SPEAKER_03Exactly. I don't know. Like there are certain things that are like extreme agitators to me. High winds, like over an extended period of time, extreme agitator to me. Like I just lose it. I don't know why. Like it just really gets under gets under my skin. And then gnats. I repotted some of my plants. No, I repotted all of my plants a few weeks ago. And the bag of soil that I got, I think had little gnat eggs in them. So now I have all of these gnats that keep coming up out of the soil. Like I can watch them come out of the soil, the roots of the soil. I got to the point where I put some of the pots outside and I PETA don't come after me. I was just hoping that the circle of life would just take care of themselves and they would leave my own. Oh my God.
SPEAKER_02And those, you can't kill those. You cannot, you, I don't care how many times you go like this, you never see one. Oh no, I do. I you do Mr. Miyagi with the gnats. Are you kidding me? I think I mean me. Not me. I feel like I'm always like this. And it's always like from my fruit basket. Like I got or something that had nut eggs on it or whatever.
SPEAKER_03No, because you know what? I like beef and I don't eat fruit. So I don't understand where they came from.

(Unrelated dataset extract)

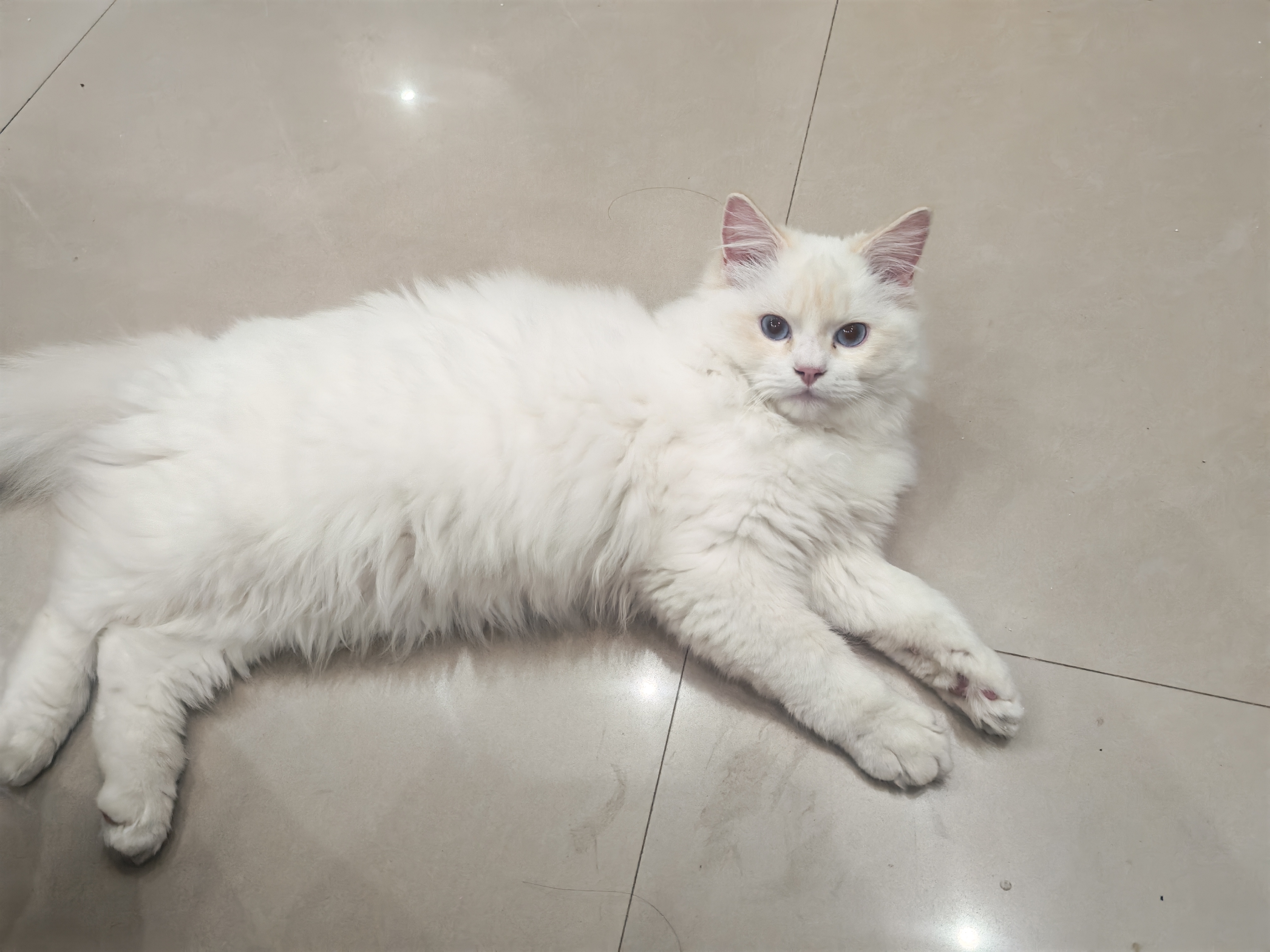 纯种火焰色布偶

And as we started that conversation, we're both like, wait, what day is it? What month, what year are we in?
SPEAKER_02You know, it's just one of those weeks where it's Tuesday and it feels like the week has been lasting for like days.
Introducing Guest Erin Mills
SPEAKER_03I'm like, it's Tuesday, but it's so good. It feels great. It's been a good week. It's been a good week. It's been a good week, and we have a fabulous guest that's joining us. So I'm excited to let everyone know who's joining us. It's it's not just Pam and I sitting here, y'all talking about gnats and bats and take a lot of.
SPEAKER_02All right. So today we have joining us Erin Mills. She is a visionary entrepreneur, multi-salon owner, an advocate for women healing and empowerment. Her mission is to create spaces where safety, growth, and authenticity thrive. After careers in real estate and hairstyling, entrepreneurship became a natural path driven by her passion for big picture thinking, leadership, and meaningful impact. Challenging the male-dominated salon industry, Erin built a thriving salon of 55 plus team members where clients and staff feel genuinely supported and seen. Her resilience was tested when she opened her first salon five months before COVID shutdowns and again after a devastating flood. Starting on savings and even selling her home, she rebuilt, became profitable, and surpassing 1 million in sales within a year. Now Erin extends her mission beyond business, helping women heal from trauma, grief, and limiting beliefs. Through meditation, tapping, and self-discovery programs, she guides others to reconnect with their truth and remember it's not too late and you are not too broken to begin again. Outside of work, Erin finds renewal in nature, running, and quiet moments with family, grounded in faith, movement, and the belief that healing happens when we choose to come home to ourselves. Welcome. We are so grateful for you to be with us today, all the way from Florida, where it's colder than it is in Colorado. We never get to say that ever.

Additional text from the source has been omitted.